[Start of section]
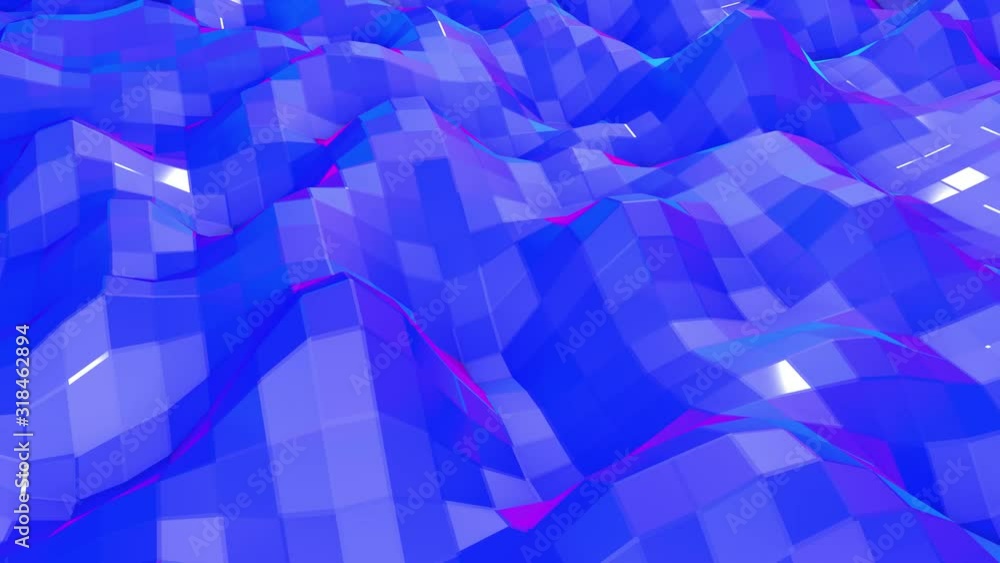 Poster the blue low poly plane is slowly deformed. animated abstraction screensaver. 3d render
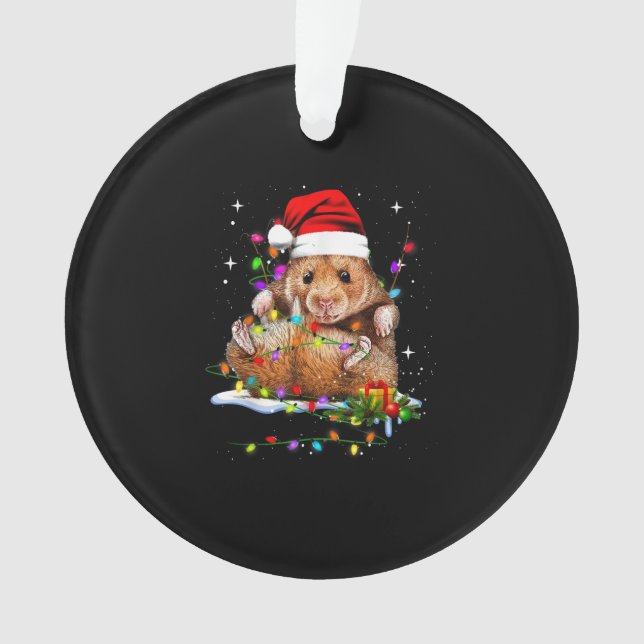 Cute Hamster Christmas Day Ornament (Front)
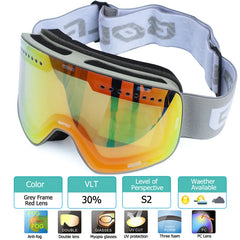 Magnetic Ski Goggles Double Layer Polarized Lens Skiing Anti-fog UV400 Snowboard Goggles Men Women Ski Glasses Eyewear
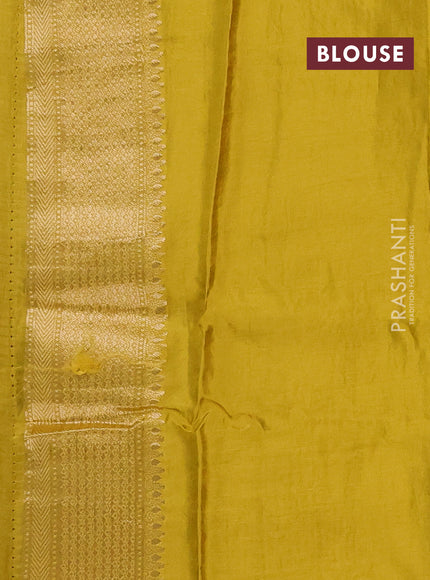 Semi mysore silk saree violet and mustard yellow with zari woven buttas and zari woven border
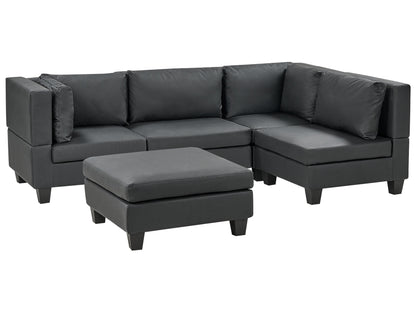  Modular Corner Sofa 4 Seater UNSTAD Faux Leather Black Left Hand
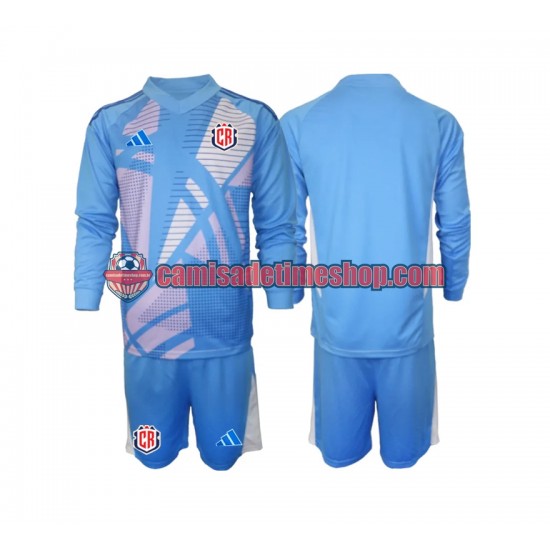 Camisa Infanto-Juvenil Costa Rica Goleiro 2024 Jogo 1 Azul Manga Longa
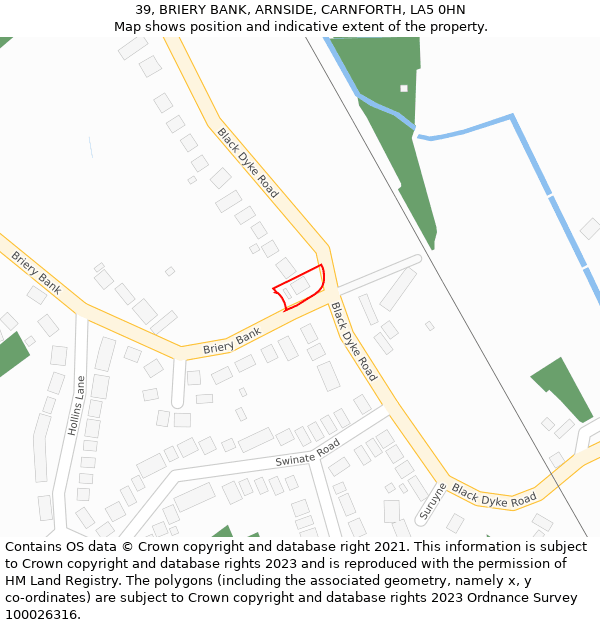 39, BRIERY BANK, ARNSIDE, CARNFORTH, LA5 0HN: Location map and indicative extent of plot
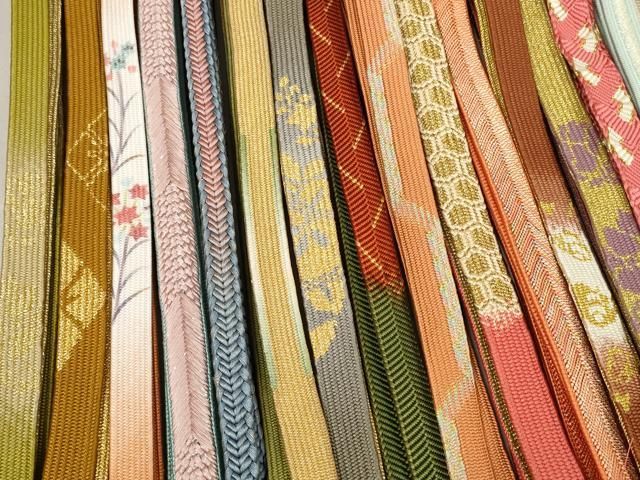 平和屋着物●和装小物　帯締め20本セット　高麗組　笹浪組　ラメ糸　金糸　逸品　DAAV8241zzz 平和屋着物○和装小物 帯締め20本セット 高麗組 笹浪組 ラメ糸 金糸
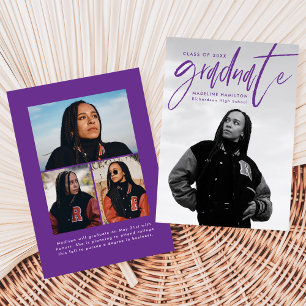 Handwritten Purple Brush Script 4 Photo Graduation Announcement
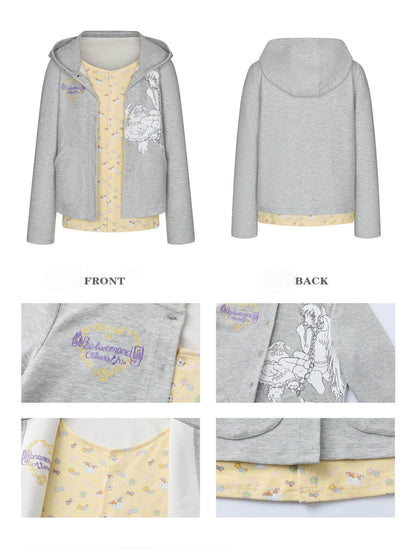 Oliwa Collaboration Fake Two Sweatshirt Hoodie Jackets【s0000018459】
[End of section]
Exercise description:
Return the lines exactly as they stand, from the start of the entries through the line holding "Semi mysore silk"; omit the pictures.

Solution for this exercise:
 Poster the blue low poly plane is slowly deformed. animated abstraction screensaver. 3d render
 Cute Hamster Christmas Day Ornament (Front)
 Magnetic Ski Goggles Double Layer Polarized Lens Skiing Anti-fog UV400 Snowboard Goggles Men Women Ski Glasses Eyewear
 Semi mysore silk saree violet and mustard yellow with zari woven buttas and zari woven border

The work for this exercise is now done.